Ensuite, le travail attendu n’est pas guidé que par des objectifs organisationnels : il peut aussi trouver son origine dans des besoins propres à chacun. Par exemple, l’un attend d’un autre qu’il lui délivre une information dans un format donné parce que cela facilitera son intégration dans ses propres documents de travail.

Enfin, les attentes qu’on peut avoir à l’égard du travail d’un autre ne porte pas que sur les actions qu’il doit réaliser ou les résultats qu’il doit produire, mais aussi sur des dimensions du savoir-être. C’est ainsi que l’un peut attendre de l’autre qu’il arrive au travail à une certaine heure, qu’il soit aussi disponible que possible pour répondre à ses demandes et aussi réactif que possible pour y apporter des réponses, qu’il consente à partager les informations critiques en sa possession, etc.

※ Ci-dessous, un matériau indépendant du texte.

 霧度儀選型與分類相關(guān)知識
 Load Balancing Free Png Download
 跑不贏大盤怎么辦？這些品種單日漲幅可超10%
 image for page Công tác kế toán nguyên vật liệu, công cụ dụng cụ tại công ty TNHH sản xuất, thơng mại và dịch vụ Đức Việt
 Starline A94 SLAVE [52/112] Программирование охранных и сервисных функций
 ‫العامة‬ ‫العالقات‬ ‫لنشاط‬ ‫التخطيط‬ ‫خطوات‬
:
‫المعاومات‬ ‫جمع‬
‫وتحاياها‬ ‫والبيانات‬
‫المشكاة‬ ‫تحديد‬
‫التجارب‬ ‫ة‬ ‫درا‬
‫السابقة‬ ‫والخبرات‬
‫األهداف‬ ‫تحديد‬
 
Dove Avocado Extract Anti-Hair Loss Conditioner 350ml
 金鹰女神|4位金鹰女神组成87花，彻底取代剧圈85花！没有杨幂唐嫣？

[1] Guérin F. et coll., 1991 (réed. 2007), Comprendre le travail pour le transformer, ed. Anact.

Une illustration concrète du travail attendu

Dans la compagnie aérienne X[1], qui s’est donné un objectif d’amélioration de sa productivité très ambitieux, les agents du service qui planifient et exploitent les vols ont en partie perdu confiance dans le service qui assure la maintenance des avions. Quand on leur demande pourquoi, ils expliquent que les agents de la maintenance sont difficilement joignables par moment, alors qu’ils sont censés être disponibles H24 pour répondre à tout appel du service exploitation ; ils expliquent aussi que lorsque les agents de maintenance interviennent sur un avion, ils n’informent pas suffisamment tôt le service exploitation de l’état d’avancement des réparations en cours, les laissant dans l’incertitude sur le moment à partir duquel ils pourront replanifier des vols avec cet avion. Enfin, ils expliquent que lorsqu’ils planifient des sessions de maintenance régulière des avions, ce qui conduit à bloquer certains avions au sol, ils ne prennent pas suffisamment en compte le plan de transport conçu par le service exploitation (par ex., pour retarder un peu la maintenance d’un avion afin de le laisser boucler un vol).

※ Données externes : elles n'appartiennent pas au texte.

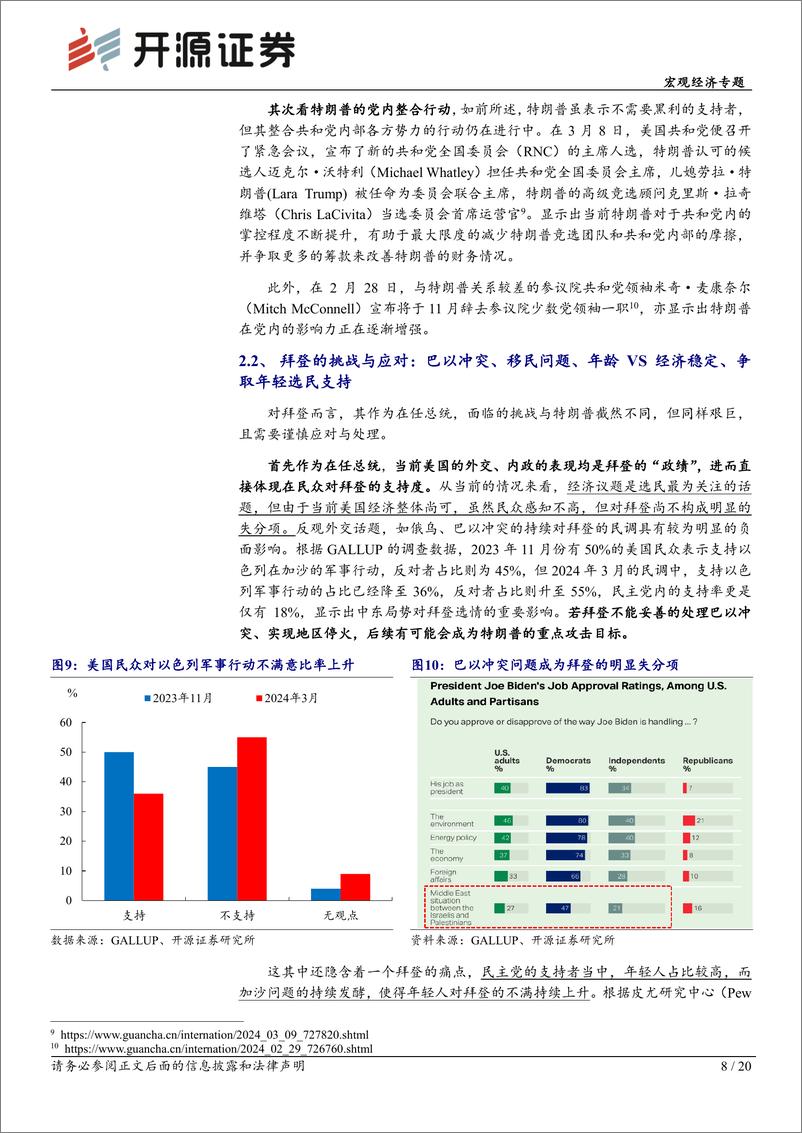 《全球大选“跟踪”指南第二期-拜登、特朗普再度对决：焦灼选情或放大市场波动-240418-开源证券-20页》 - 第8页预览图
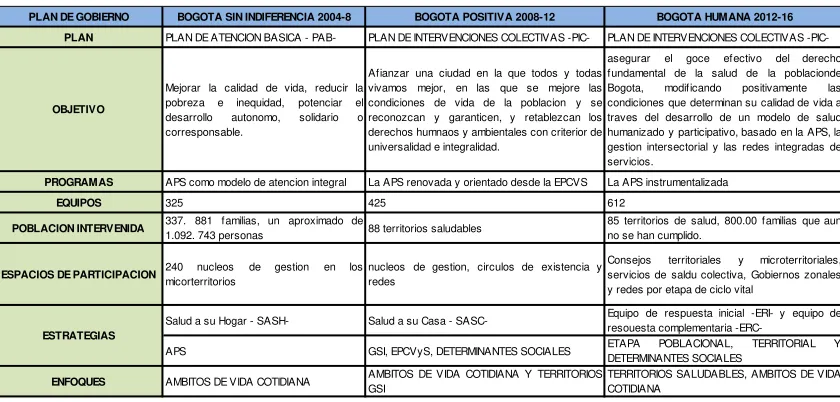 Cuadro 3.1. 2. 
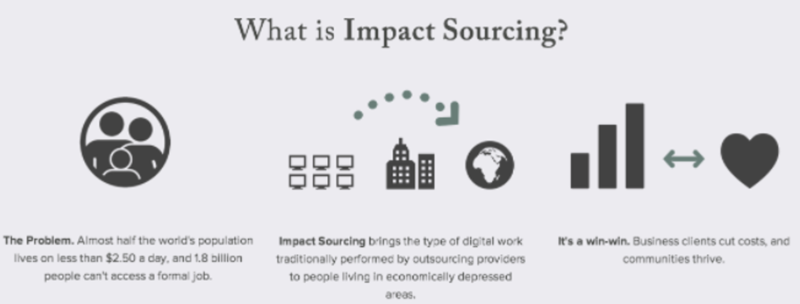 File:ImpactSourcing.png
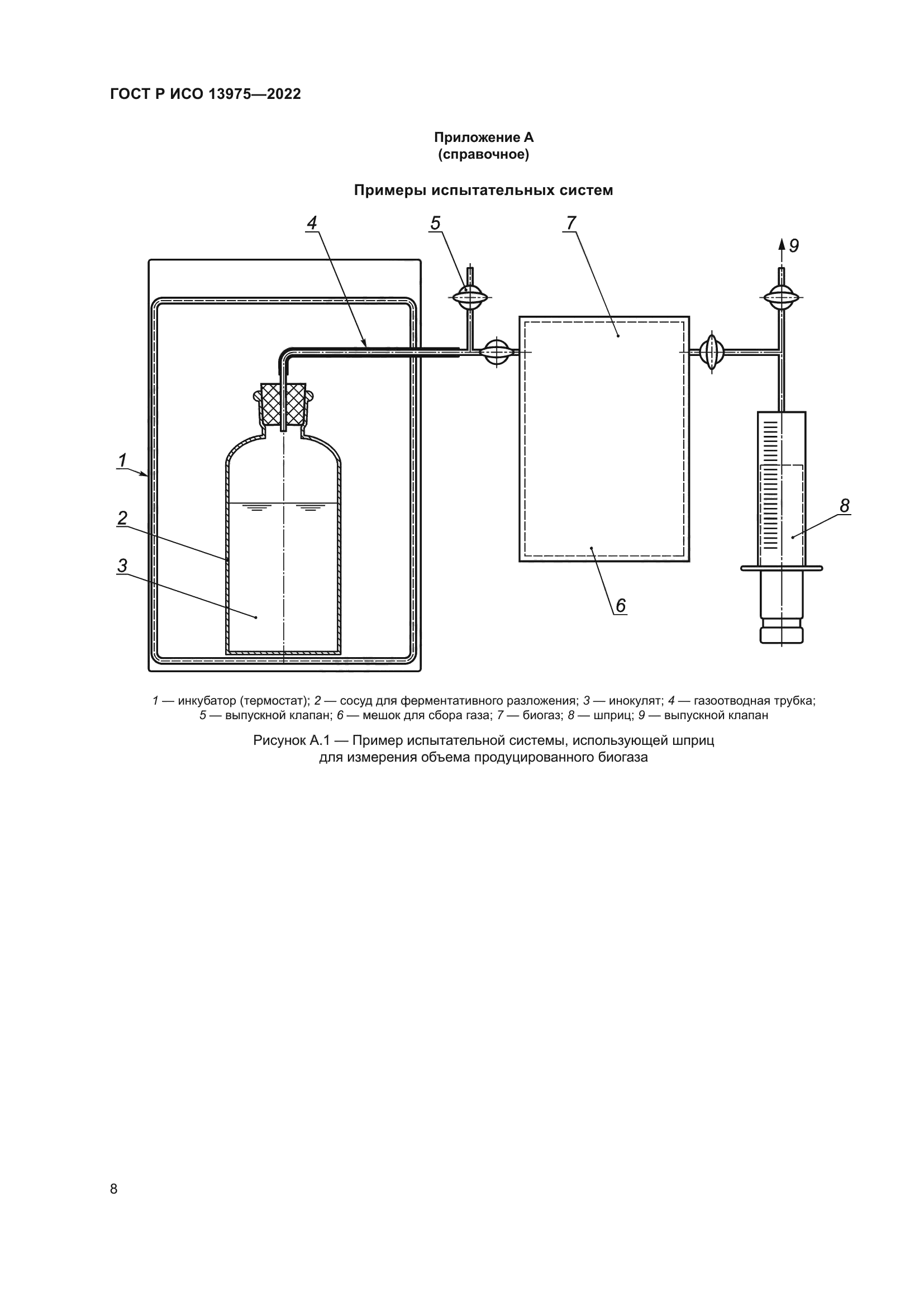 ГОСТ Р ИСО 13975-2022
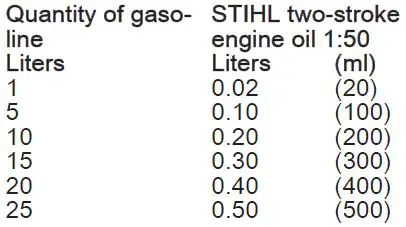 STIHL-BR-350-Backpack-Blower-40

Ces motifs d’insatisfaction qui expliquent la perte de confiance peuvent être traduits sous la forme d’attentes du service exploitation à l’encontre du service de maintenance :

  • disponibilité et réactivité H24 des agents de la maintenance ;
  • délivrance au plus tôt d’une information sur la prévision d’heure de libération d’un avion soumis à des actions de maintenance ;
  • meilleure prise en compte du plan de transport par les agents de maintenance dans leur planification des visites régulières.

Ces attentes dépassent le travail prescrit par l’organisation. Il n’existe en effet aucune prescription officielle de type objectifs ou procédures de travail qui les couvrent. Par contre, certaines d’entre elles relèvent d’une interprétation des prescriptions qui sont assignées au service de maintenance (c’est le cas de la première). Mais ces attentes traduisent aussi des besoins propres au service exploitation liés à ses objectifs de performance.

Le fait que ces attentes soient associées, au moins en partie, aux besoins d’un acteur et non à des obligations fixées par l’organisation peut rendre compte du fait qu’elles ne sont pas toujours prises en considération. C’est surtout le cas si, pour les satisfaire, l’autre partie doit produire un effort supplémentaire ou adapter ses modes opératoires : elle préférera alors laisser l’attente de l’autre insatisfaite.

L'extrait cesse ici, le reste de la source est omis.